**Your objective**
Would you please give every entry again exactly, without the pictures?

**Provided entries**
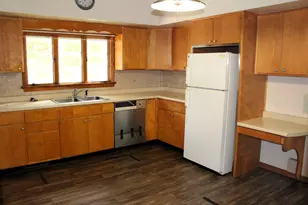 426 S Clinton St, Clifton, IL 61727 - Photo 9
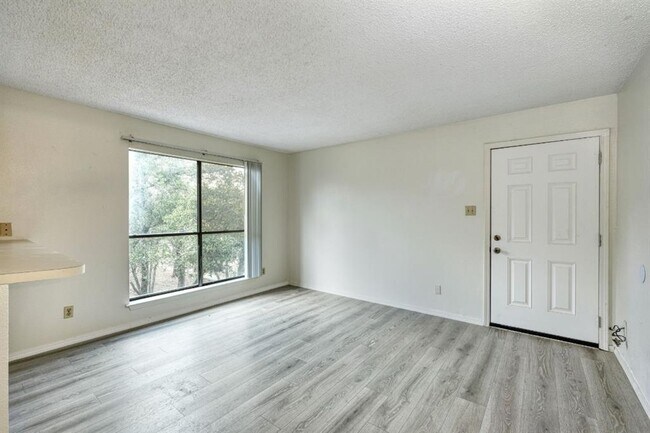 Building Photo - 502 Willow St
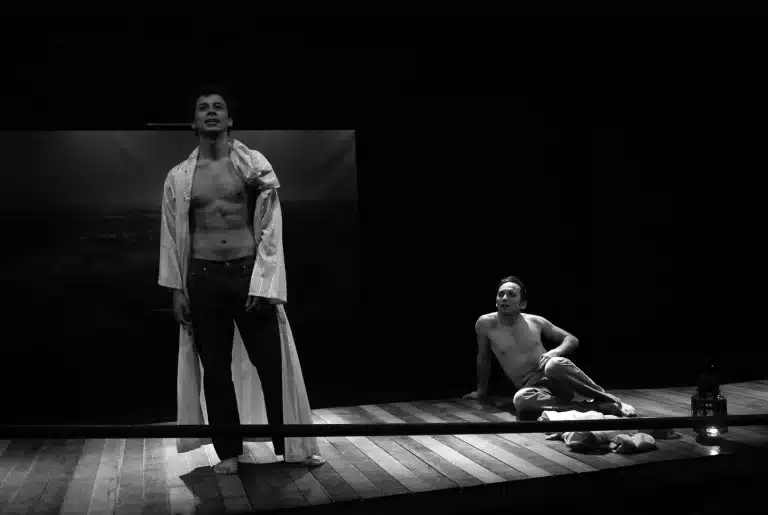 Juan Pablo Ogalde et Sebastiàn Layseka dans FIN DE L'ÉCLIPSE de et mis en scène par Ramon Griffera, 2007.
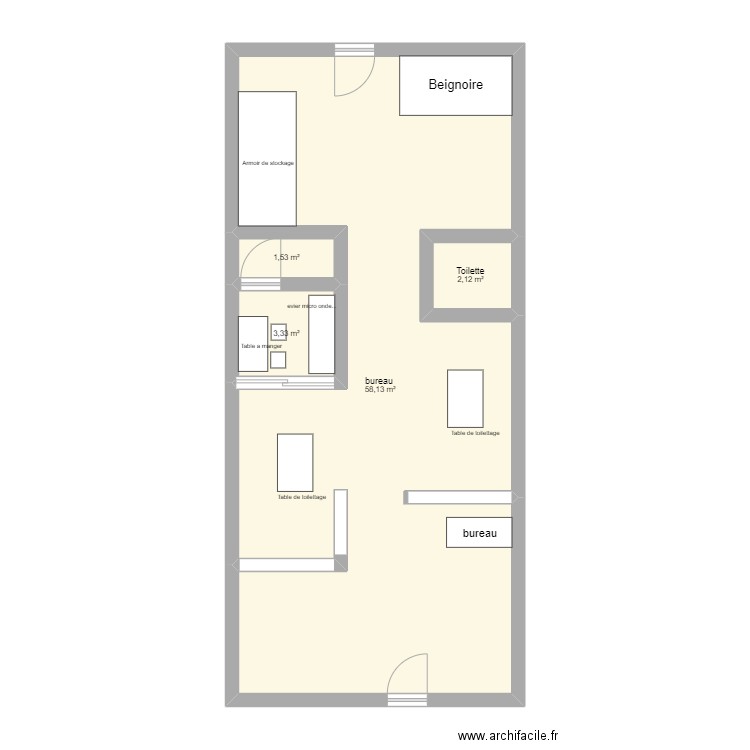 magasin. Plan de 4 pièces et 65 m2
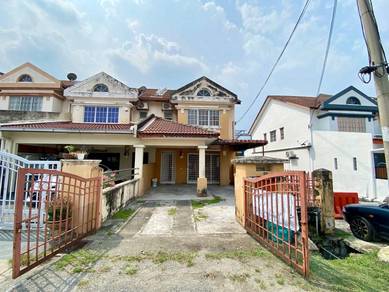 END LOT Two-Storey Taman Putra Budiman, Balakong Cheras, Selangor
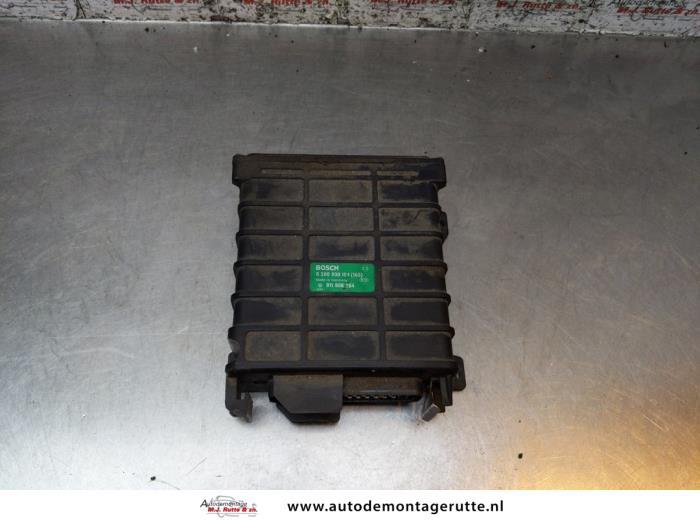 Used Engine management computer Volkswagen Passat (32B) 1.8 GL Price on request offered by Autodemontage M.J. Rutte B.V.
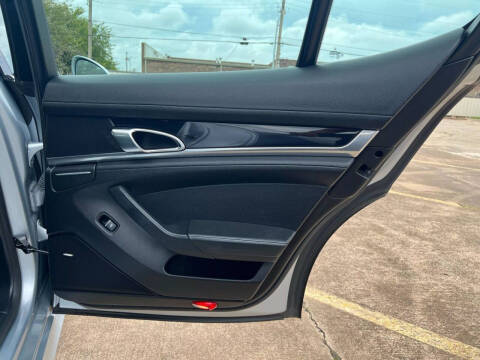 2014 Porsche Panamera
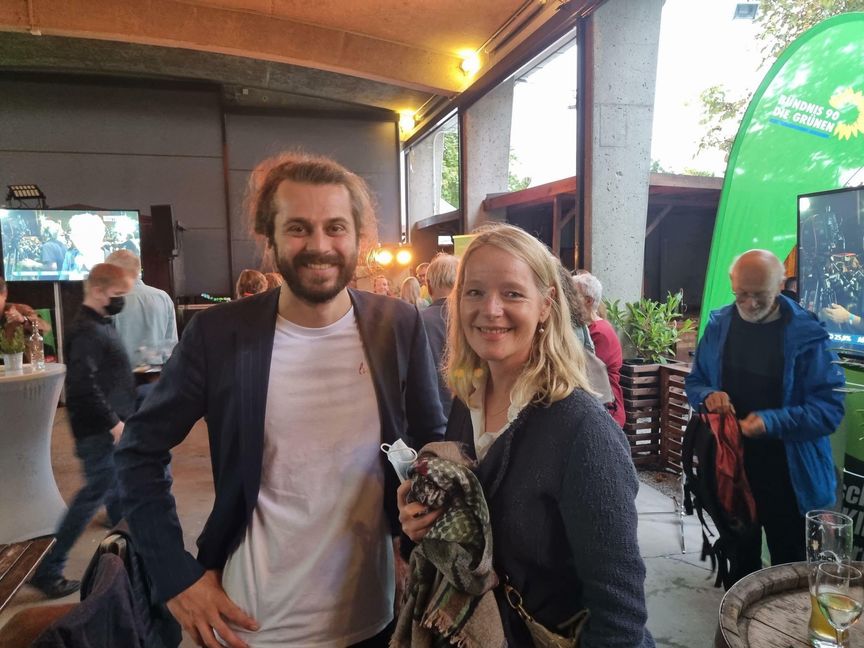 Landes-Umweltministerin Thekla Walker gratuliert Tobias Bacherle zum Einzug in den Bundestag. Bild: Jung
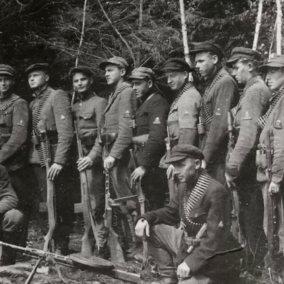 Membres des partisans lituaniens (Force de défense territoriale de Žalgiris) à l'été 1946.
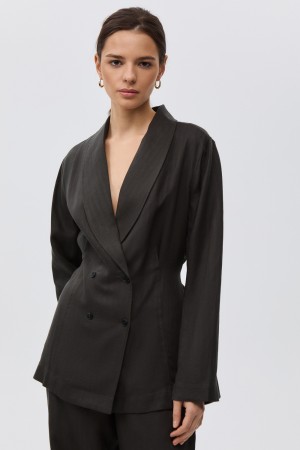 приталенный жакет фотография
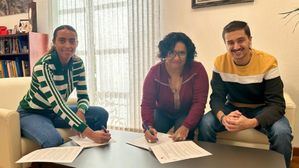 Firma de un convenio del Ayuntamiento y la Asoc. de Comerciantes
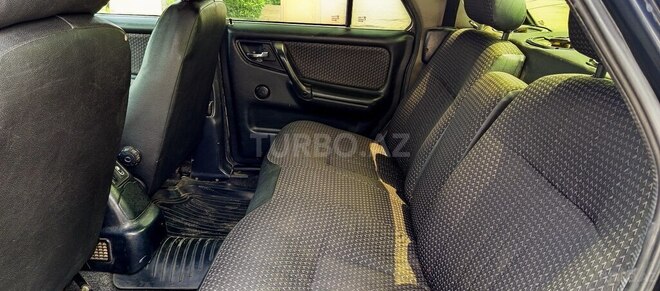 GAZ 31105 2005, 219,000 km - 2.4 l - Saatlı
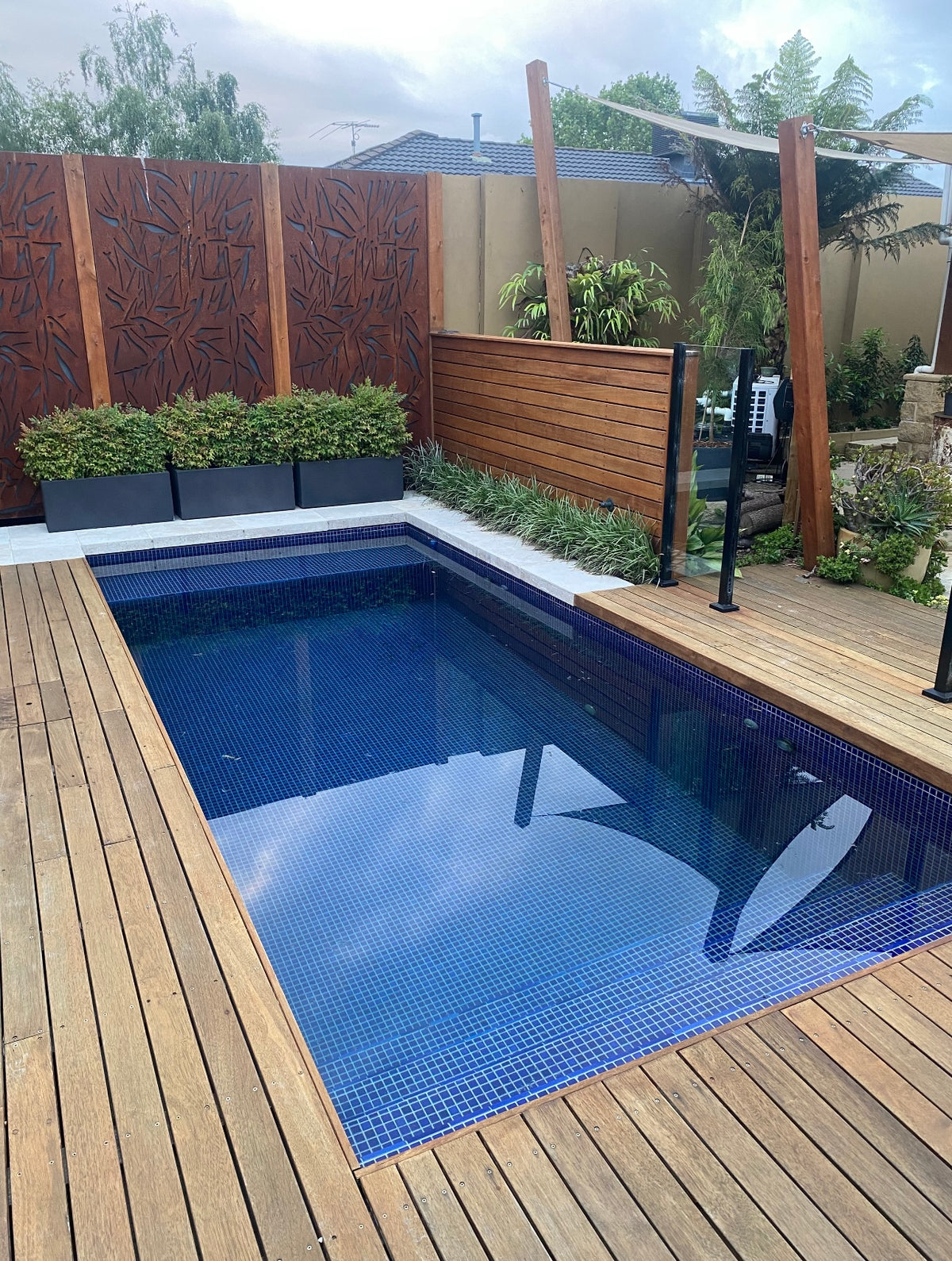 Full Outdoor Decking/Pergola & Landscape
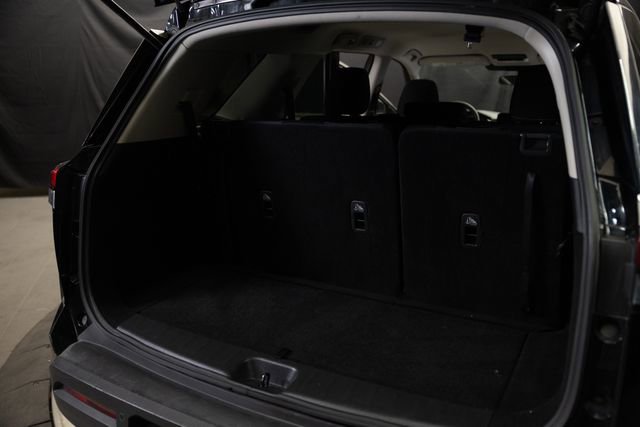 Used 2024 Nissan Pathfinder SV AWD/4WD image 25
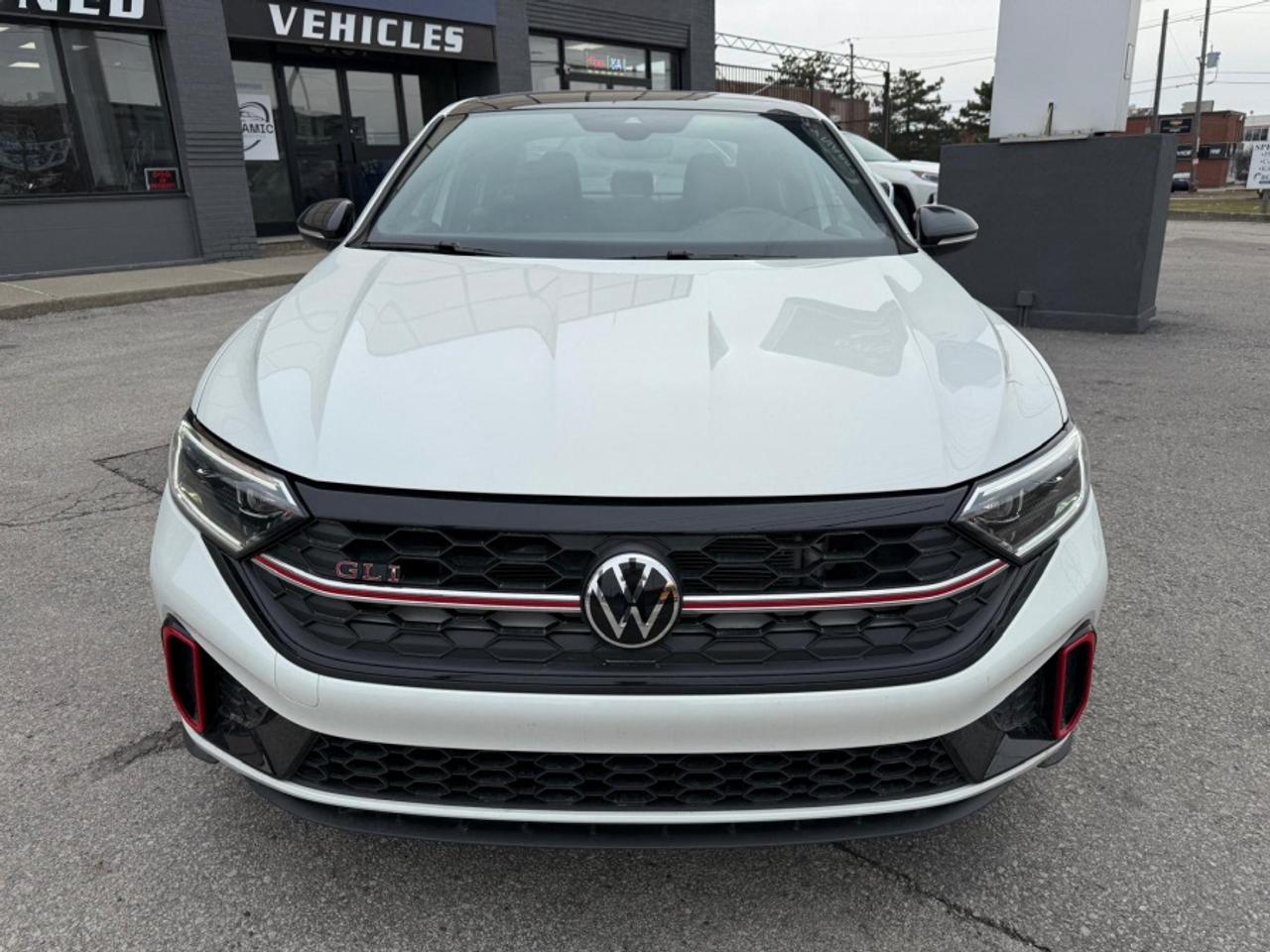 2024 Volkswagen Jetta GLI AUTOBAHN/ ONE OWNER/ SUNROOF/ NAVI/ WIRELESS CARPL - Photo #2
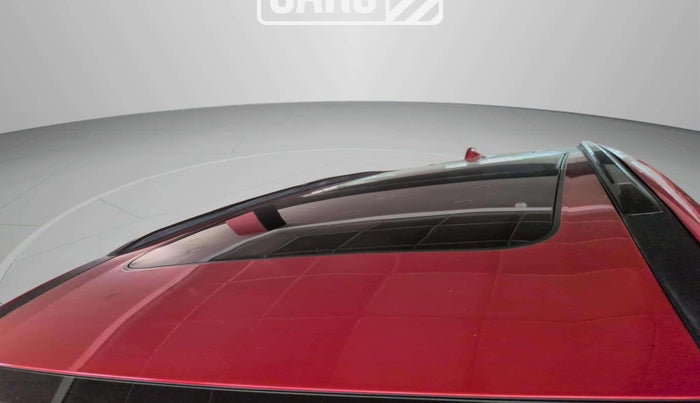 2024 Mahindra XUV700 AX 7 P AT 7 STR, Petrol, Automatic, 14,089 km, Roof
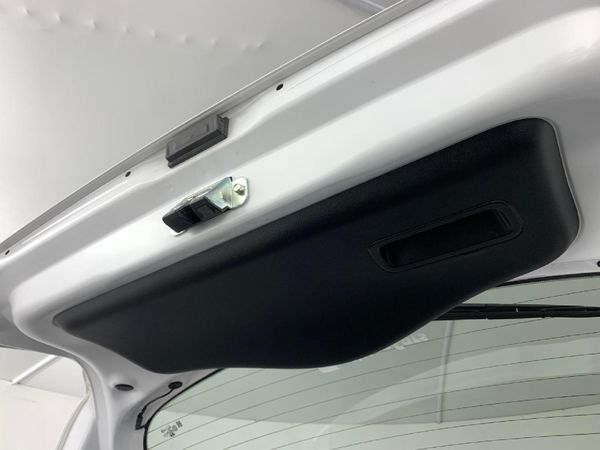 2025-Hyundai-Grand-i10-10-Motion image:17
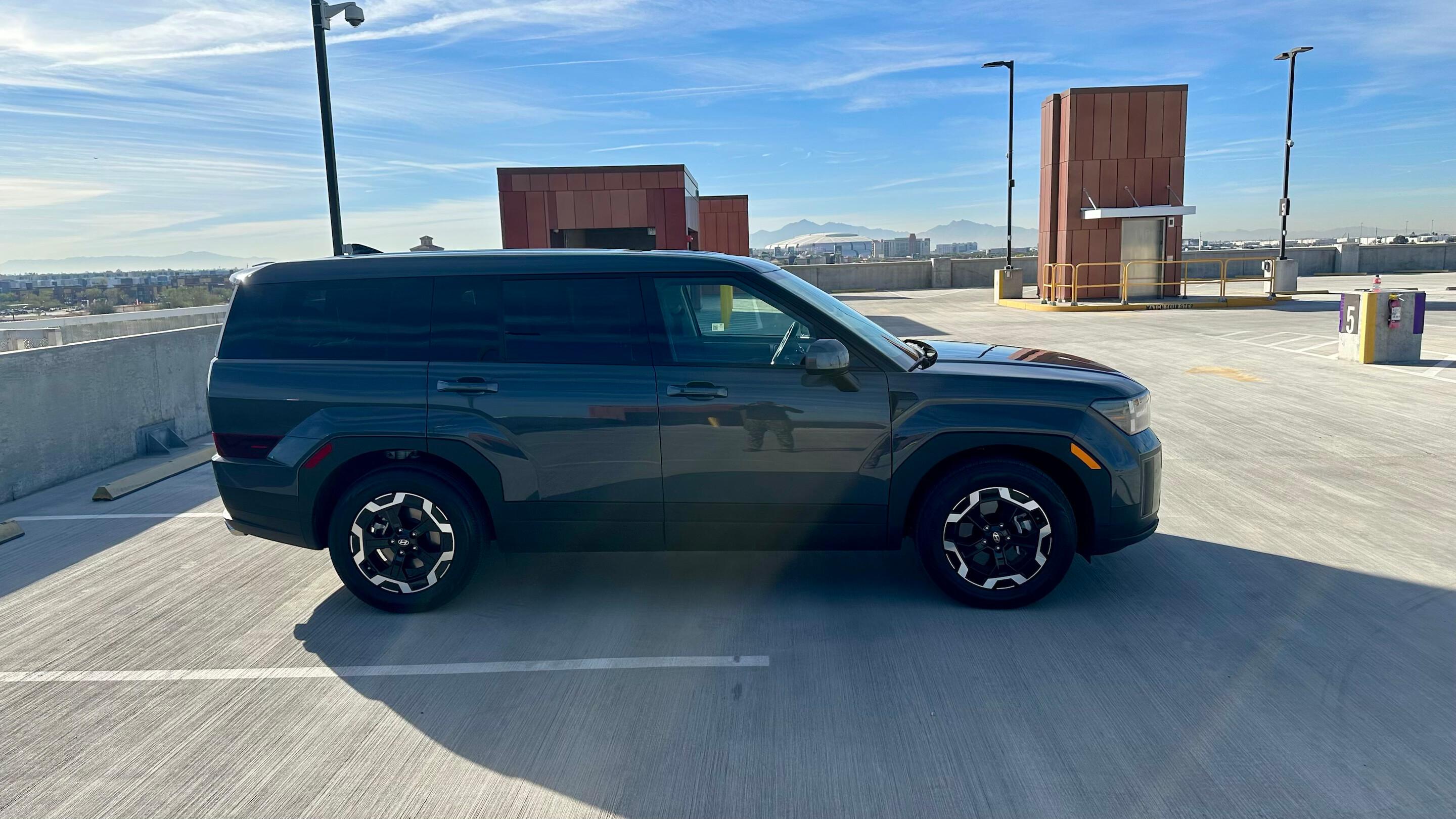 Hyundai Santa Fe 2025 in Peoria, AZ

**Task solution**
 426 S Clinton St, Clifton, IL 61727 - Photo 9
 Building Photo - 502 Willow St
 Juan Pablo Ogalde et Sebastiàn Layseka dans FIN DE L'ÉCLIPSE de et mis en scène par Ramon Griffera, 2007.
 magasin. Plan de 4 pièces et 65 m2
 END LOT Two-Storey Taman Putra Budiman, Balakong Cheras, Selangor
 Used Engine management computer Volkswagen Passat (32B) 1.8 GL Price on request offered by Autodemontage M.J. Rutte B.V.
 2014 Porsche Panamera
 Landes-Umweltministerin Thekla Walker gratuliert Tobias Bacherle zum Einzug in den Bundestag. Bild: Jung
 Membres des partisans lituaniens (Force de défense territoriale de Žalgiris) à l'été 1946.
 приталенный жакет фотография
 Firma de un convenio del Ayuntamiento y la Asoc. de Comerciantes
 GAZ 31105 2005, 219,000 km - 2.4 l - Saatlı
 Full Outdoor Decking/Pergola & Landscape
 Used 2024 Nissan Pathfinder SV AWD/4WD image 25
 2024 Volkswagen Jetta GLI AUTOBAHN/ ONE OWNER/ SUNROOF/ NAVI/ WIRELESS CARPL - Photo #2
 2024 Mahindra XUV700 AX 7 P AT 7 STR, Petrol, Automatic, 14,089 km, Roof
 2025-Hyundai-Grand-i10-10-Motion image:17
 Hyundai Santa Fe 2025 in Peoria, AZ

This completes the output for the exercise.